How climate change could cause a home insurance meltdown – By Michael Copley, Rebecca Hersher & Nathan Rott (NPR) / July 22, 2023
Big wildfires had started burning more often in California, creeping closer to Beth Pratt’s home near Yosemite National Park. So Pratt did what homeowners in fire-prone areas are supposed to do: She added a metal roof, traded wood decking for laminate, installed a water tank and a fire hose, and cleared vegetation near her house. Pratt says she emptied her savings to make her “home for life” fire resistant.
But it didn’t matter. Earlier this month, Pratt got a letter from Allstate, her home insurer of 31 years, saying her coverage was being dropped because of the threat from wildfires. “I get companies need to make money. I have no problem with that. Increase my rate,” Pratt says. “But to just drop people — you know, it’s scary. It leaves us feeling extremely vulnerable.”

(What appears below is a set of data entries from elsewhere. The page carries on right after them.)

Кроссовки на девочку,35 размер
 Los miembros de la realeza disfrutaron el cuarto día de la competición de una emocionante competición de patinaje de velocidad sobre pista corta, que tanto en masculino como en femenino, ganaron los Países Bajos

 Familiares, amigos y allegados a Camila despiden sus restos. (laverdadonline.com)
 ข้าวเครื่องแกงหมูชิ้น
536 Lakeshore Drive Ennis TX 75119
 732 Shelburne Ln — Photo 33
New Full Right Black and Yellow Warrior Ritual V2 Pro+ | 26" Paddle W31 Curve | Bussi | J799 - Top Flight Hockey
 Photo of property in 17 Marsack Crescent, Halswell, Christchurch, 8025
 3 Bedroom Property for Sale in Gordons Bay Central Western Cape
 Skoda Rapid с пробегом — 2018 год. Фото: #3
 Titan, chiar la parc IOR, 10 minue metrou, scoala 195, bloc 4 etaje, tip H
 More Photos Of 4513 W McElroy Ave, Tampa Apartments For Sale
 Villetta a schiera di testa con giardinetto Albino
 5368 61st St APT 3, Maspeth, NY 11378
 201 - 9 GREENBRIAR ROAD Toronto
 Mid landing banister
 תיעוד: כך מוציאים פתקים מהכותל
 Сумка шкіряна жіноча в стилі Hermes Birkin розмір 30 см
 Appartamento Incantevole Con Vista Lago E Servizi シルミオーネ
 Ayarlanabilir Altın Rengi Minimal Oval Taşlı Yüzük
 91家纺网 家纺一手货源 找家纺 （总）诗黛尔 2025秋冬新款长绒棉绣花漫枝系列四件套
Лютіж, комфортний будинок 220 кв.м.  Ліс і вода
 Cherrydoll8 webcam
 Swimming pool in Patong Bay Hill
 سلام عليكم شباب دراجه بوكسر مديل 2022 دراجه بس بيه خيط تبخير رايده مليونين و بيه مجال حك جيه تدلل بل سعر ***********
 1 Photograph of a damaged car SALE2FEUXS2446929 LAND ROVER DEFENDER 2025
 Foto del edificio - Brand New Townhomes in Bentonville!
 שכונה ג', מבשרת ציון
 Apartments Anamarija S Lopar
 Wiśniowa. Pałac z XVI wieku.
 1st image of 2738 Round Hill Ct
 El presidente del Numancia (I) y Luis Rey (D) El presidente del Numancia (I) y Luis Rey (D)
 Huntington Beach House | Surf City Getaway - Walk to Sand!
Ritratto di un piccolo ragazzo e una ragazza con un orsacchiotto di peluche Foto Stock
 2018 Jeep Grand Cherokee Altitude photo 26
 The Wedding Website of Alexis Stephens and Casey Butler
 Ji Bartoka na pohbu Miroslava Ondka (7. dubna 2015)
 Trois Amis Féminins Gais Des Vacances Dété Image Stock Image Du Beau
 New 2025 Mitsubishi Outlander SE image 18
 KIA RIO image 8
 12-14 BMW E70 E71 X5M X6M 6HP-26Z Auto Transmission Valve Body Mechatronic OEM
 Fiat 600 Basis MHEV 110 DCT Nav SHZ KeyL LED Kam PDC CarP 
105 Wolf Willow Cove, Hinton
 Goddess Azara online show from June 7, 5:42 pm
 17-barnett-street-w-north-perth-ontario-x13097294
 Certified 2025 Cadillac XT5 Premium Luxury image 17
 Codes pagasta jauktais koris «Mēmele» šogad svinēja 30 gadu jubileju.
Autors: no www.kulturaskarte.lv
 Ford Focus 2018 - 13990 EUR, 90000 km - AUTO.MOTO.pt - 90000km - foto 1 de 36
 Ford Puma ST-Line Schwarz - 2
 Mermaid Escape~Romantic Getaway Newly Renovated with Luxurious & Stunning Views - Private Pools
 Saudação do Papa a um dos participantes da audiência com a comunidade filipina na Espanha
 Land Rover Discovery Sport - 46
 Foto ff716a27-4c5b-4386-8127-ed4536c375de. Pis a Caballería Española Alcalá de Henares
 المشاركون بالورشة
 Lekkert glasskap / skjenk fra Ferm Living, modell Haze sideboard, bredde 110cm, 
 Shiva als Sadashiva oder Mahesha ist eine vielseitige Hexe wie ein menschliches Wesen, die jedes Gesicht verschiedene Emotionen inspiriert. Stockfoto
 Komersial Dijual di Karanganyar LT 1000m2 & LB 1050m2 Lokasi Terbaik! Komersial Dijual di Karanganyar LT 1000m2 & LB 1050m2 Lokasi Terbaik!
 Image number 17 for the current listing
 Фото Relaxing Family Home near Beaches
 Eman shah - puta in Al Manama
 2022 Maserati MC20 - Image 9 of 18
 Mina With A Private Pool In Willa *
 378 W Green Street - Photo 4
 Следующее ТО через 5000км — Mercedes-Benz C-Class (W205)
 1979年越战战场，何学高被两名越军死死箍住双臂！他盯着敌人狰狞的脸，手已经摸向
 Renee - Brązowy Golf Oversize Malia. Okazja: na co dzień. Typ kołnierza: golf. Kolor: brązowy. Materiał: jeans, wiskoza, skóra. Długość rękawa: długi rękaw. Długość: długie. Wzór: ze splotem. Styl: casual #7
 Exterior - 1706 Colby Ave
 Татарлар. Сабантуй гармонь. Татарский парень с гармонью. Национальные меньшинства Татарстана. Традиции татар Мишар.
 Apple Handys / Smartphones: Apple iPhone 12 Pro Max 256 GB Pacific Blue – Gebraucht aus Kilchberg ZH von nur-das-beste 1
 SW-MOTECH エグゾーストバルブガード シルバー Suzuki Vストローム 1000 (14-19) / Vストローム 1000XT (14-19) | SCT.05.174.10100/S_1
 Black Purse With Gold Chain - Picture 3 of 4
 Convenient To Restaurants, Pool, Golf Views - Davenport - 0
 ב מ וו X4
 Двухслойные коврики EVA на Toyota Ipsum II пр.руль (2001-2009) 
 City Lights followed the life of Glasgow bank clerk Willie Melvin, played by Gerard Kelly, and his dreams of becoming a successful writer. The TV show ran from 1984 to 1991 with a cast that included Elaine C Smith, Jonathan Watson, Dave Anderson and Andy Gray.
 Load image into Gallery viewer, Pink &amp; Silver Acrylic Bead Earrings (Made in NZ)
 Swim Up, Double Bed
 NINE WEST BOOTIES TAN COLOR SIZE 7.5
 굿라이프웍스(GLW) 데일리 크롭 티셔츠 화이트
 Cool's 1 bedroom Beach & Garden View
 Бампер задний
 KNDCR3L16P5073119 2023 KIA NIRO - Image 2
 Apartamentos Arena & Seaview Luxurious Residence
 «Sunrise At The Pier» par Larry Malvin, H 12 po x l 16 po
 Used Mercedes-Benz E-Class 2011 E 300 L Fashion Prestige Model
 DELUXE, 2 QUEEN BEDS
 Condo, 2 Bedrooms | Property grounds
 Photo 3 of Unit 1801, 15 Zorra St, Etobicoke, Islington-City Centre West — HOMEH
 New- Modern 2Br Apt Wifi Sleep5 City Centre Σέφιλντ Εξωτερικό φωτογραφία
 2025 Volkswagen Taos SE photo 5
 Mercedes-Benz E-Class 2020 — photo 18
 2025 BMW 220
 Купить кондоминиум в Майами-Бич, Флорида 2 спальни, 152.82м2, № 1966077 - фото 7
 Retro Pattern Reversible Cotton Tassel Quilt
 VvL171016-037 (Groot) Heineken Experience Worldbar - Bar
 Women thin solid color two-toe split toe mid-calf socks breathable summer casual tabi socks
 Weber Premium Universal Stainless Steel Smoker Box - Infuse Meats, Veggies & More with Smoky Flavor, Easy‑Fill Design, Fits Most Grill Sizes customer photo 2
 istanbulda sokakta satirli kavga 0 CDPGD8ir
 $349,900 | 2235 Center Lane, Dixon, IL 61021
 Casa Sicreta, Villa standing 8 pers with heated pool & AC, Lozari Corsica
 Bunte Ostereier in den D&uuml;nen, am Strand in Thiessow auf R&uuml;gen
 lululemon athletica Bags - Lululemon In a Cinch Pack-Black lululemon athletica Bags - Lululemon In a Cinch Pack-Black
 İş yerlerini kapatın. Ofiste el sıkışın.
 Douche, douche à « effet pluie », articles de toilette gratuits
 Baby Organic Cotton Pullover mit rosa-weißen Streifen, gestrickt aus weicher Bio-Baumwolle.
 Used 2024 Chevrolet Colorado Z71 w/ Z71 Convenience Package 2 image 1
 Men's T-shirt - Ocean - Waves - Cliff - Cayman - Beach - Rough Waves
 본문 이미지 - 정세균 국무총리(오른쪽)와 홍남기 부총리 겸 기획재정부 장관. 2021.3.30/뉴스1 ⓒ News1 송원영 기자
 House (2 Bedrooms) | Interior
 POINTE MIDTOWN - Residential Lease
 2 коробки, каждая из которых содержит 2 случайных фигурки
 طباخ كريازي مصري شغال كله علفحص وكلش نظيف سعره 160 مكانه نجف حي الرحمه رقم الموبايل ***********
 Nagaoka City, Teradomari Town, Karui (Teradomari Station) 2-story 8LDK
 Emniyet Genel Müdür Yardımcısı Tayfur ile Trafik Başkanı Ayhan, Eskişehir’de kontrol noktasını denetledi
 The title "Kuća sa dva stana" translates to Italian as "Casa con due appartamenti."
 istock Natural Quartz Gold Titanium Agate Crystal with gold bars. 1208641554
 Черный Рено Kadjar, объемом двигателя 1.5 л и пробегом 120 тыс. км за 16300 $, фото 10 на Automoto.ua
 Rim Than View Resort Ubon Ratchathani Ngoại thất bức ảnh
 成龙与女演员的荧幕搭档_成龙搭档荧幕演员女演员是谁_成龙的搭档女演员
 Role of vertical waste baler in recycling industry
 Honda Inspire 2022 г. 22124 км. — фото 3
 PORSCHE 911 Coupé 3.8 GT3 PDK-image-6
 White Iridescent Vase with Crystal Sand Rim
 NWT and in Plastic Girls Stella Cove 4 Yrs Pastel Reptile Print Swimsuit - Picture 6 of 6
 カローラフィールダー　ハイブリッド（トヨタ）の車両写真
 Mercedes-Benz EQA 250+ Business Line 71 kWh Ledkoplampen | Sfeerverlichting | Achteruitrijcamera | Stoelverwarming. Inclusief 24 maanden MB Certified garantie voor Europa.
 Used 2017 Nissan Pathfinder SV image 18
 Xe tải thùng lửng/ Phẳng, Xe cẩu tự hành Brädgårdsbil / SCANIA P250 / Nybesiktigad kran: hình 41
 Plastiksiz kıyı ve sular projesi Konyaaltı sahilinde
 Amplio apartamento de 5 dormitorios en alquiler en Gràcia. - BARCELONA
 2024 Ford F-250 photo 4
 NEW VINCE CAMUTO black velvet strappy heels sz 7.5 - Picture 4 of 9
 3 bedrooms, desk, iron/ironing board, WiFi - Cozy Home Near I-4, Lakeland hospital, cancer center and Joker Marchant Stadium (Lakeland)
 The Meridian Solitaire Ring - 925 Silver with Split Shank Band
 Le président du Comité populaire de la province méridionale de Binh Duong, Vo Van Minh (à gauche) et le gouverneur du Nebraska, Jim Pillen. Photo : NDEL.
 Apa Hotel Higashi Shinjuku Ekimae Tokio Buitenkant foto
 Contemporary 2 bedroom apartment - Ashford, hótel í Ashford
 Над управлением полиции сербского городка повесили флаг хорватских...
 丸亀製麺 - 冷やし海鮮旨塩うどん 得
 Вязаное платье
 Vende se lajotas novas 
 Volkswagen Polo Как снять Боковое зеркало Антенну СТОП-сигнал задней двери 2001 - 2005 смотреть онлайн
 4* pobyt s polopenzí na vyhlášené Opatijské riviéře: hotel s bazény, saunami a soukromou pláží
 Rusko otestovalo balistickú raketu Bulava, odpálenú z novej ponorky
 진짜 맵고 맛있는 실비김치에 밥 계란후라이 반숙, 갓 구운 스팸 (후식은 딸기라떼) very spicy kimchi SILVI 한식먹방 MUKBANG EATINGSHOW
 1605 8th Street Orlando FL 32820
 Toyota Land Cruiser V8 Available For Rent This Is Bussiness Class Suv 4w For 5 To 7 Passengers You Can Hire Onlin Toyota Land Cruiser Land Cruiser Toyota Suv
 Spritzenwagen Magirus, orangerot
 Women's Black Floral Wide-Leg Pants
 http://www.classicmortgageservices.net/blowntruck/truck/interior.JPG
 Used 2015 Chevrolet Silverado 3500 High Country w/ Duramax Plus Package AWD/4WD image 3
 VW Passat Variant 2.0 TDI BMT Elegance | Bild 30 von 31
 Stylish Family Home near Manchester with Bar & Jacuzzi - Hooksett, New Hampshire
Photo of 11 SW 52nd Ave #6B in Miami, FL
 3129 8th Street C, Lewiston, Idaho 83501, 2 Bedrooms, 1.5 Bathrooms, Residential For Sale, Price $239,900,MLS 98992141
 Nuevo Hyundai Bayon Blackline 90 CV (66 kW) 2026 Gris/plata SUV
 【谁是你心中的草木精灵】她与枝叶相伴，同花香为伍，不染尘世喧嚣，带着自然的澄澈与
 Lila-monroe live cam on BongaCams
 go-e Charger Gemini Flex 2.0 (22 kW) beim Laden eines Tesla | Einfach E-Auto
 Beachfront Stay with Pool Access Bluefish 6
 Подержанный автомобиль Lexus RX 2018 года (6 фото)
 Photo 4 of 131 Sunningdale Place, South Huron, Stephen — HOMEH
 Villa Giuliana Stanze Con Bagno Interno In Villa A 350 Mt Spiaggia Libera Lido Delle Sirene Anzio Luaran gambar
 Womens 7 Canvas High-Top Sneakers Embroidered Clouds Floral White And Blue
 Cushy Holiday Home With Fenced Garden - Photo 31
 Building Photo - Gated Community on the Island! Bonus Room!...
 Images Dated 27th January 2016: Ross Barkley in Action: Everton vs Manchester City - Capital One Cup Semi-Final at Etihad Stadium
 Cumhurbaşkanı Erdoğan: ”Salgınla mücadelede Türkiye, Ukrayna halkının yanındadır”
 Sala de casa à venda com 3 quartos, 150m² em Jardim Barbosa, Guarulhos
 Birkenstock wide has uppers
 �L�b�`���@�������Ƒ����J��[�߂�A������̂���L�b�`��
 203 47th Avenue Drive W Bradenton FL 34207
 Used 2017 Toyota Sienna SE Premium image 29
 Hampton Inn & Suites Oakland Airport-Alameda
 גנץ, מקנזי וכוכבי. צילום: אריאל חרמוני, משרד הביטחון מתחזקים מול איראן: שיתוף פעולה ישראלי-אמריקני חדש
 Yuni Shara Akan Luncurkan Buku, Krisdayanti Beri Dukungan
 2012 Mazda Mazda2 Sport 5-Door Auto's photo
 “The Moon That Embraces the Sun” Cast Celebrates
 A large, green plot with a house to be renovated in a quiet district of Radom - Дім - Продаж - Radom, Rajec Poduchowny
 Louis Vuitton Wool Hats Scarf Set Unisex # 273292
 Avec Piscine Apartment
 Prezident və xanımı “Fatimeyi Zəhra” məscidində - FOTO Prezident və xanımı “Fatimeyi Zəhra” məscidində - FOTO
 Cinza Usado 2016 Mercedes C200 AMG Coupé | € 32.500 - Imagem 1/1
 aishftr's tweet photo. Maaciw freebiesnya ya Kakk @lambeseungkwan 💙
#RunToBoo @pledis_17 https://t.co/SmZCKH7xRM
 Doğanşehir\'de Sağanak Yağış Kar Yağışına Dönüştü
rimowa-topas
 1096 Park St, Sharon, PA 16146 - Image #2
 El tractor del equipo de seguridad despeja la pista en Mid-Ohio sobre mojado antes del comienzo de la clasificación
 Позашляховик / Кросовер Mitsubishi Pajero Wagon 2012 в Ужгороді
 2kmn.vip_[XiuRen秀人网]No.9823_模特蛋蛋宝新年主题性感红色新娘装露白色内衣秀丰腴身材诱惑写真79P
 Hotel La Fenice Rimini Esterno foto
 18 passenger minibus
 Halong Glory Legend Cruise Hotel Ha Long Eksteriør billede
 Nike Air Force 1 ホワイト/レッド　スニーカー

Pratt, like hundreds of thousands of other homeowners in California, now faces the state’s growing climate threats with a weaker safety net. Over the past two years, several big insurers, including Allstate and State Farm, have scaled back their home insurance businesses in California to avoid paying billions for wildfire damage, or have halted sales of new policies altogether. Homeowners like Pratt are finding out that their longtime insurers have decided not to renew coverage.